On 23 January 2016 at 02:43, Tore Anderson <tore@fud.no> wrote:
William,
Don't get me wrong. You can cure this fraud without going to extremes. An open peering policy doesn't require you to buy hardware for the other guy's convenience. Let him reimburse you or procure the hardware you spec out if he wants to peer. Nor do you have to extend your network to a location convenient for the other guy. Pick neutral locations where you're willing to peer and let the other guy build to them or pay you to build from there to him. Nor does an open peering policy require you to give the other guy a free ride on your international backbone: you can swap packets for just the regions of your network in which he's willing to establish a connection. But not ratios and traffic minimums -- those are not egalitarian, they're designed only to exclude the powerless.
Taken in this context, the Cogent/HE IPv6 peering spat is very simple: Cogent is -the- bad actor. 100%.
I'm curious: How do you know that Cogent didn't offer to peer under terms such as the ones you mention, but that those were refused by HE?
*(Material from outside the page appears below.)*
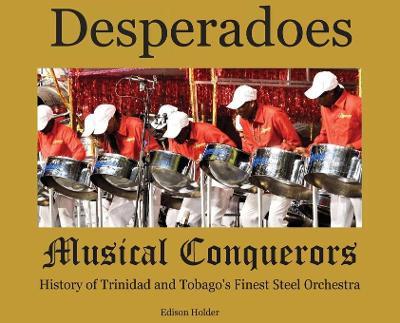 Desperadoes-Musical Conquerors - Edison Holder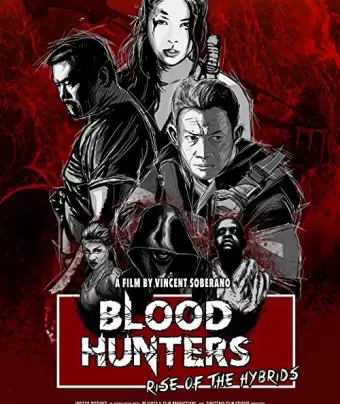 Охотники за кровью: Восстание гибридов / Blood Hunters: Rise of the Hybrids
Have you never seen the photos of the "Cogent (AS 174) Pleas IPv6 Peer With Us" cake? Just a random find of the day from the image search: http://assets.fiercemarkets.net/files/telecom/fierceimages/cogent_cake.jpg http://www.fiercetelecom.com/special-reports/six-faces-ipv6/owen-delong-hurr... Also, I would guess not many people realise it, but HE.net actually offers FREE IPv6 transit, including free international IPv6 transit, e.g., if you don't need any IPv4 somehow, then you can get away with NOT paying ANYTHING for your transit! E.g., one can't possibly have a more open of a peering policy than HE! And from what I've been told, they supposedly don't even limit this to the tunnels, so you can even have an IC, too, even without paying them for any IPv4 transit, either (of course, HE being a value provider, I guess it's rather unlikely that anyone has such asymmetrical setups, however). C.